EXERCISE DIRECTIONS -
Pictures stay out of the copy. Transcribe exactly the lines from the line with "Новый спальный гарнитур комплект." through the final line of the records.

——————

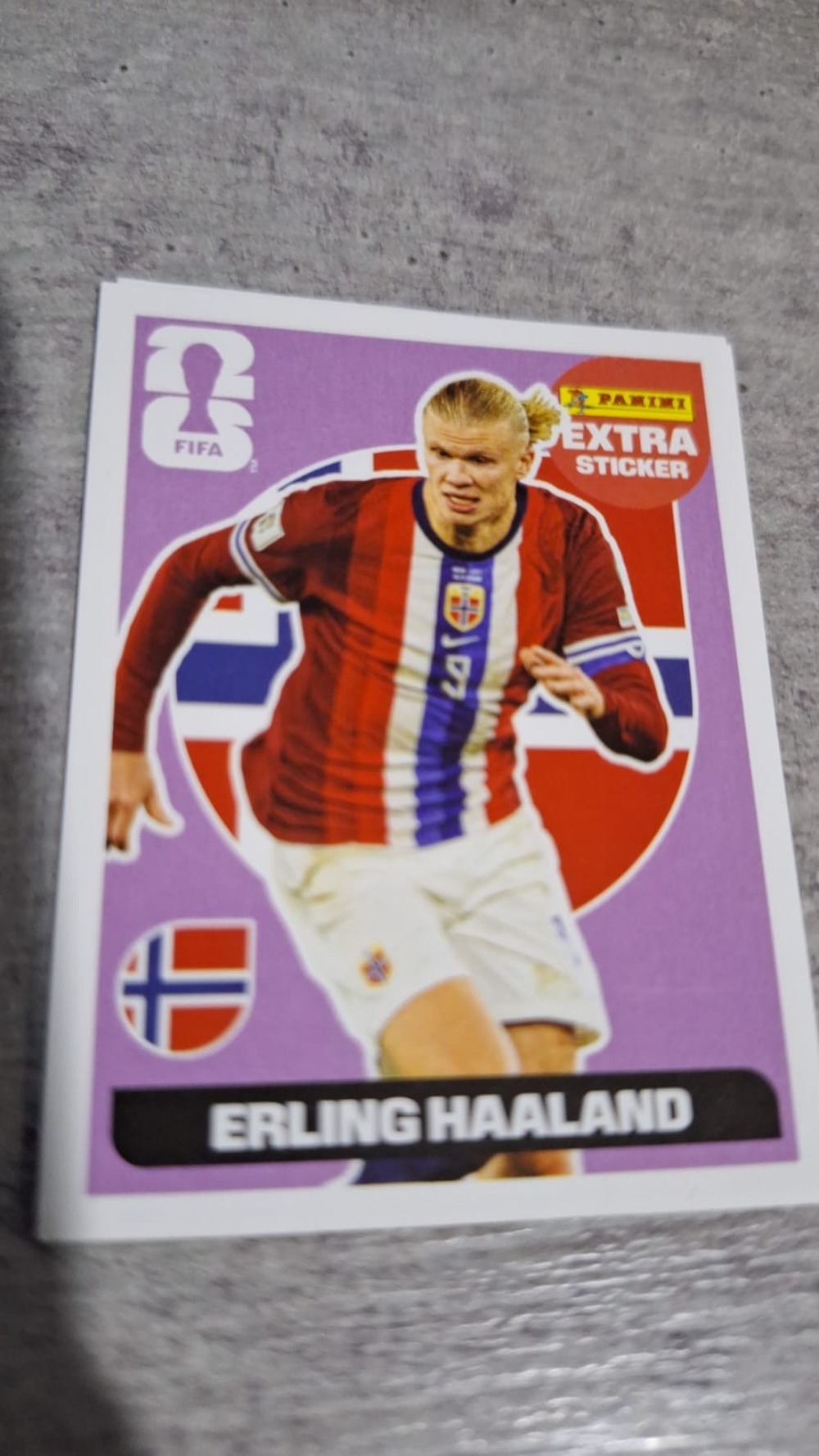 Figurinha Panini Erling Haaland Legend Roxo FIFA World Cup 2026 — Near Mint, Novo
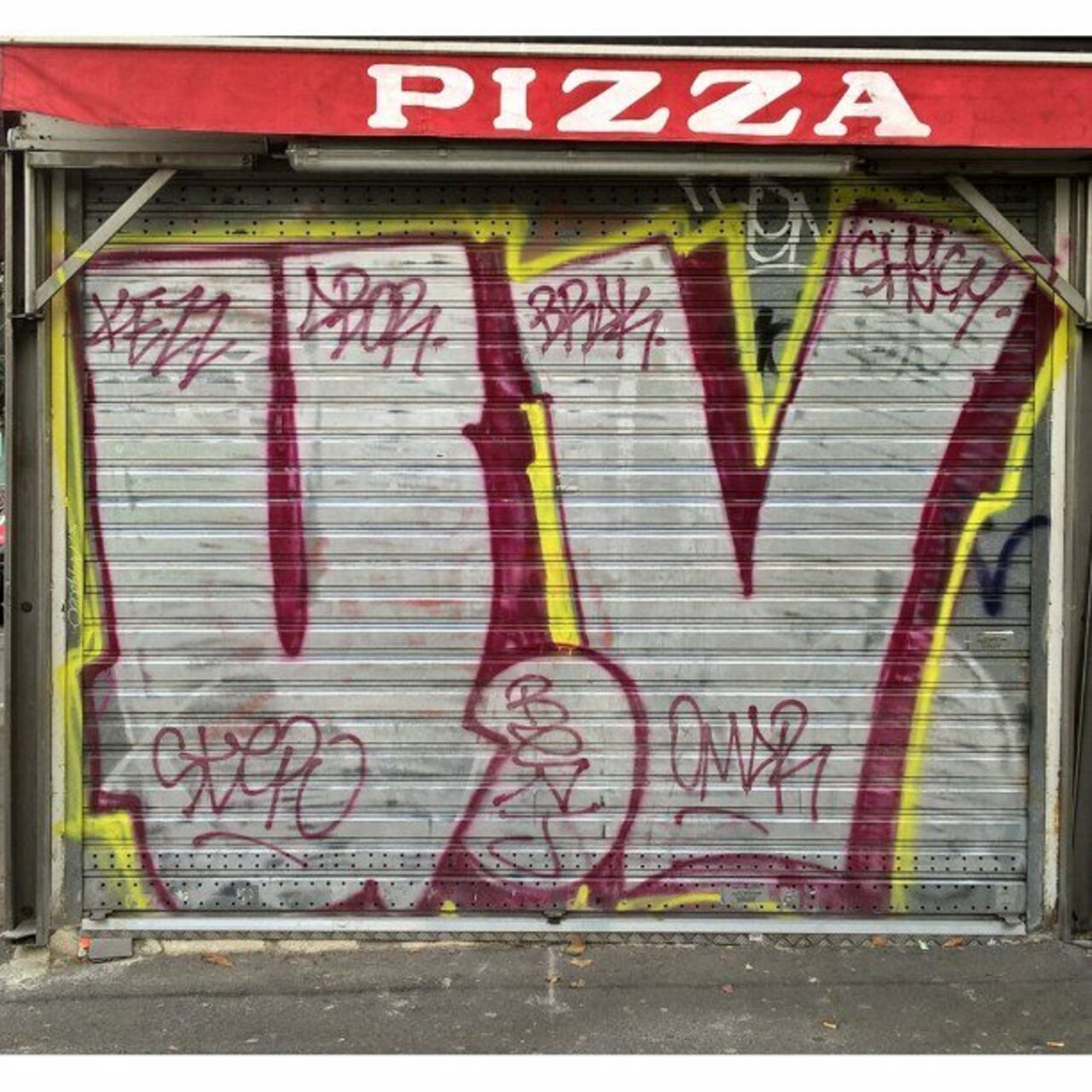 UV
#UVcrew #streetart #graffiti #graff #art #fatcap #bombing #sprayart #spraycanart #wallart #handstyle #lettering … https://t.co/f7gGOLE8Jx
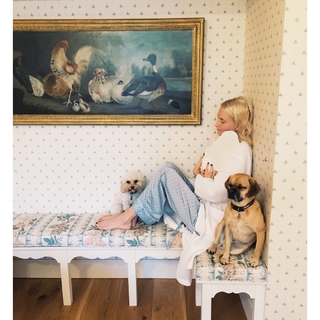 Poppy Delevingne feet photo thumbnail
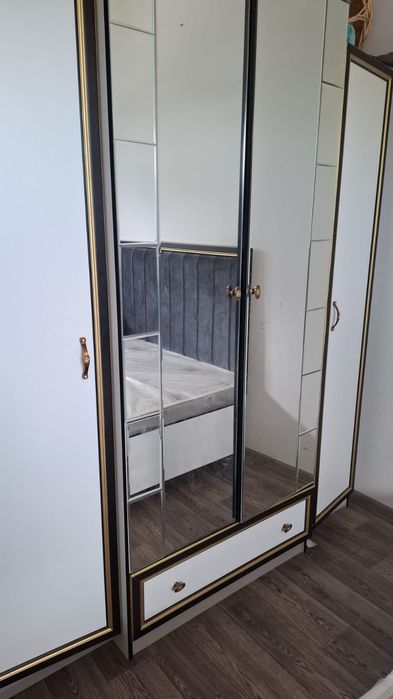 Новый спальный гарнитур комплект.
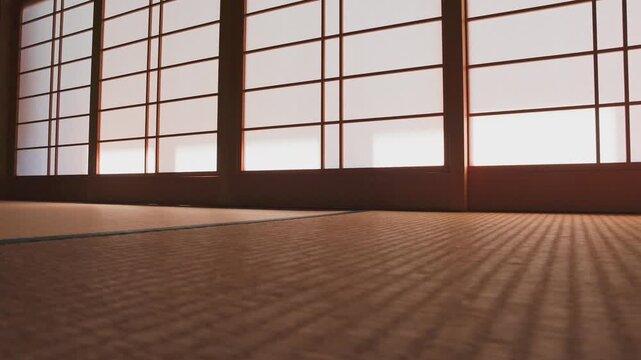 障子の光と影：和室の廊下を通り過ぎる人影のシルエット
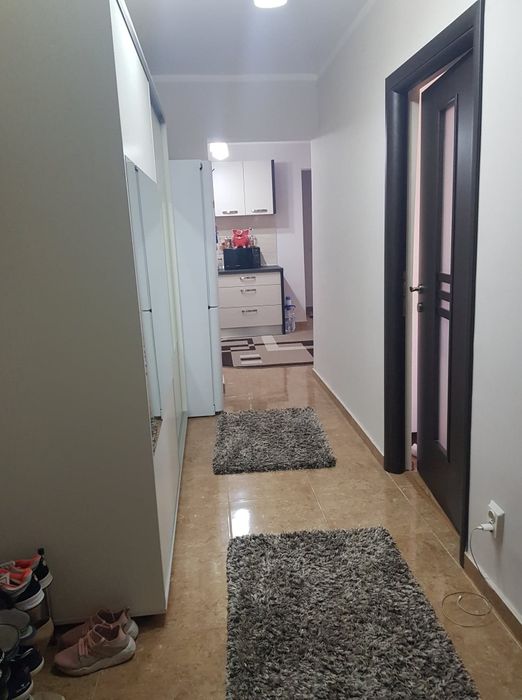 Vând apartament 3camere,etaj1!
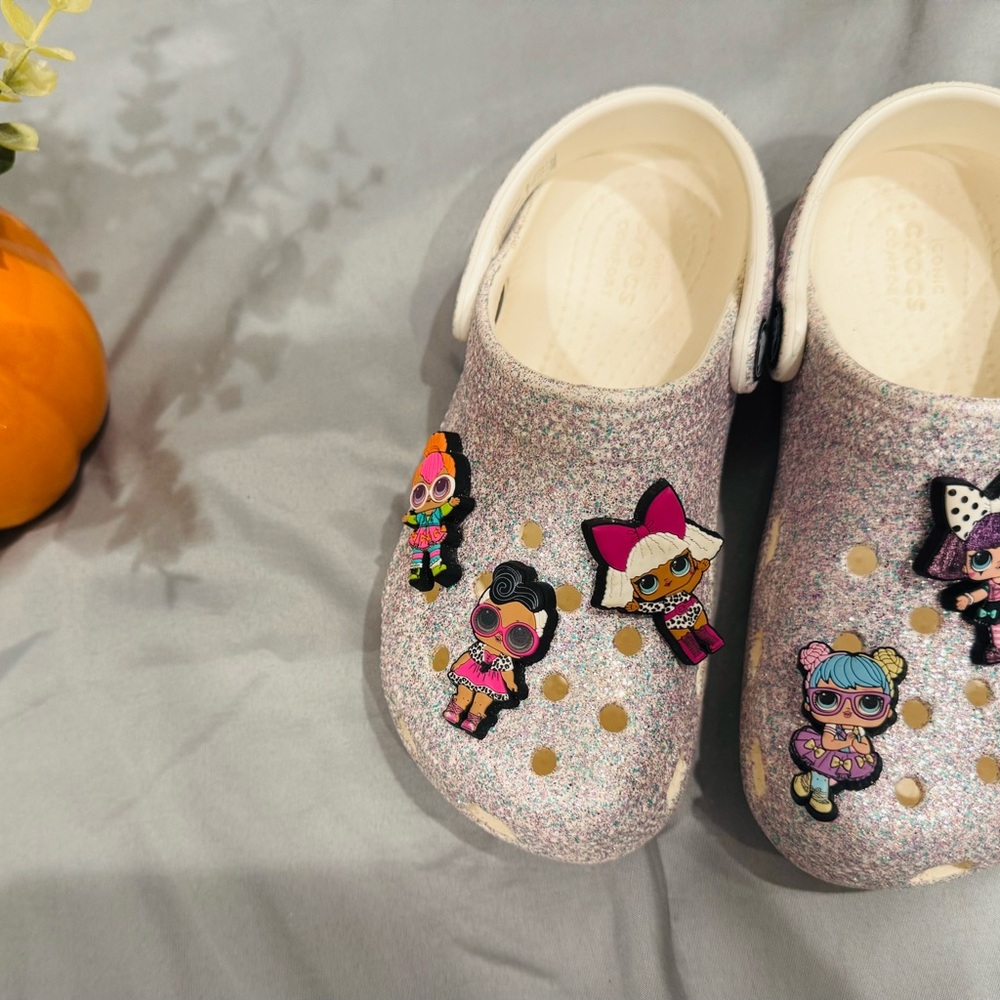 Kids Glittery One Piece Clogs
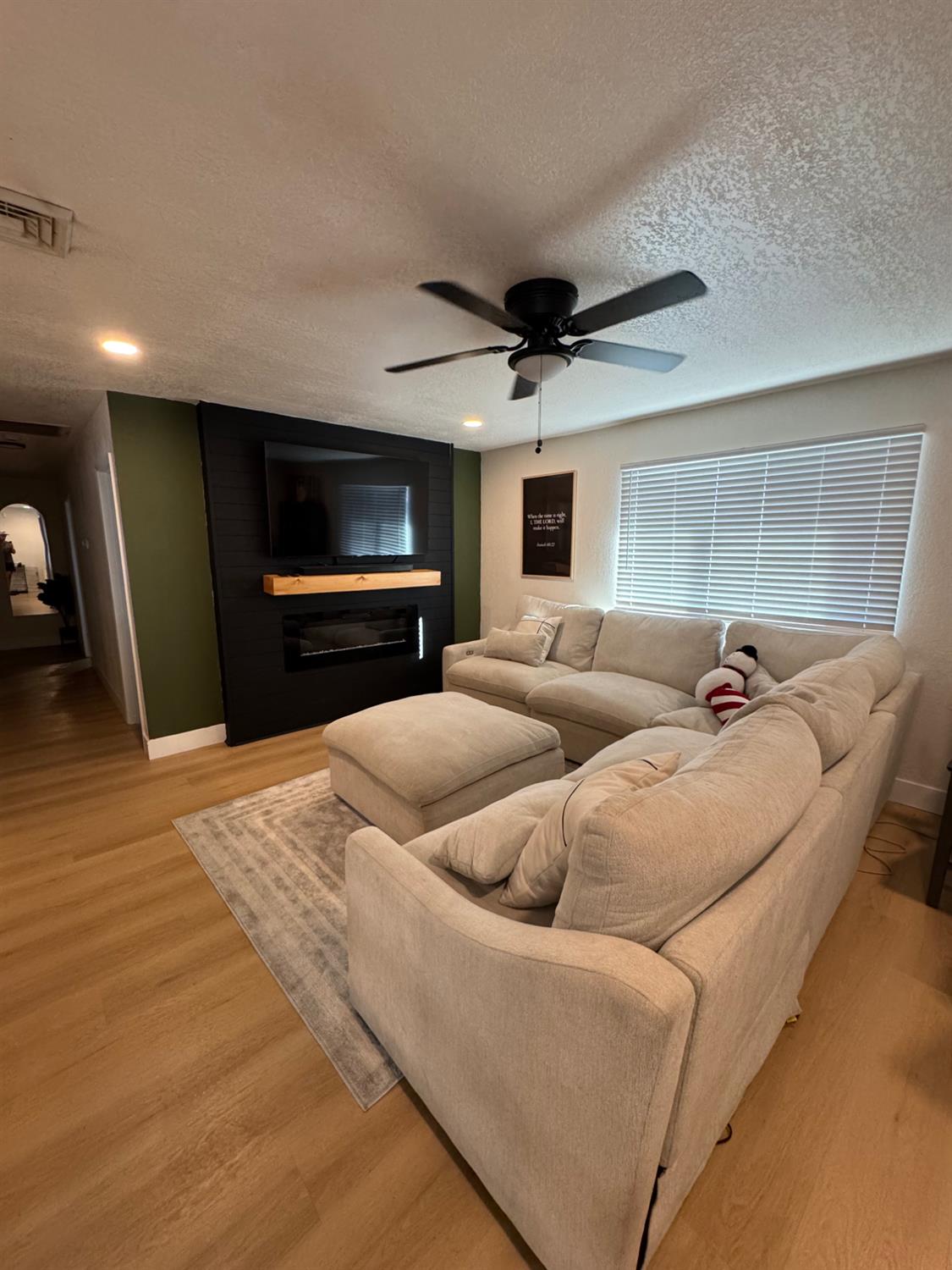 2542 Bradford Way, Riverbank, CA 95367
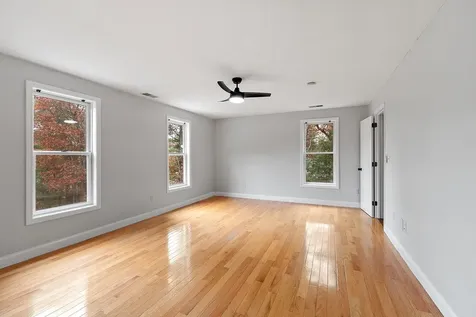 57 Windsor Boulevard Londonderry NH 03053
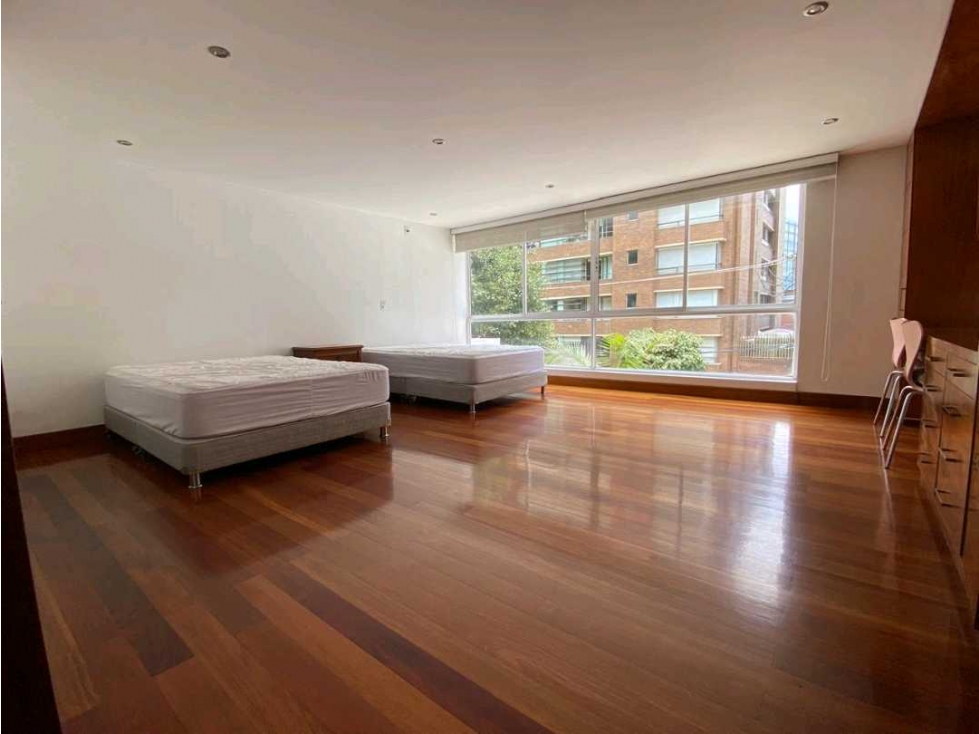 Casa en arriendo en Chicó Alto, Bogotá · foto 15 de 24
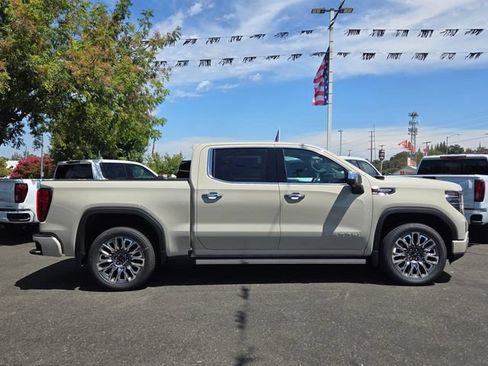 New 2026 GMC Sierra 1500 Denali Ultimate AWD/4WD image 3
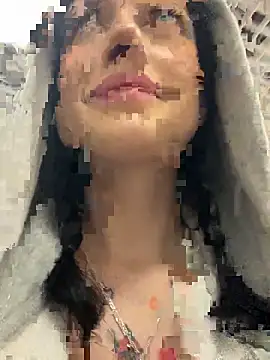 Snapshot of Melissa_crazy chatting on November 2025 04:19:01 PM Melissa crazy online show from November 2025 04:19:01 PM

——————

THE COMPLETED TASK -
 Новый спальный гарнитур комплект.
 障子の光と影：和室の廊下を通り過ぎる人影のシルエット
 Vând apartament 3camere,etaj1!
 Kids Glittery One Piece Clogs
 2542 Bradford Way, Riverbank, CA 95367
 57 Windsor Boulevard Londonderry NH 03053
 Casa en arriendo en Chicó Alto, Bogotá · foto 15 de 24
 New 2026 GMC Sierra 1500 Denali Ultimate AWD/4WD image 3
 Snapshot of Melissa_crazy chatting on November 2025 04:19:01 PM Melissa crazy online show from November 2025 04:19:01 PM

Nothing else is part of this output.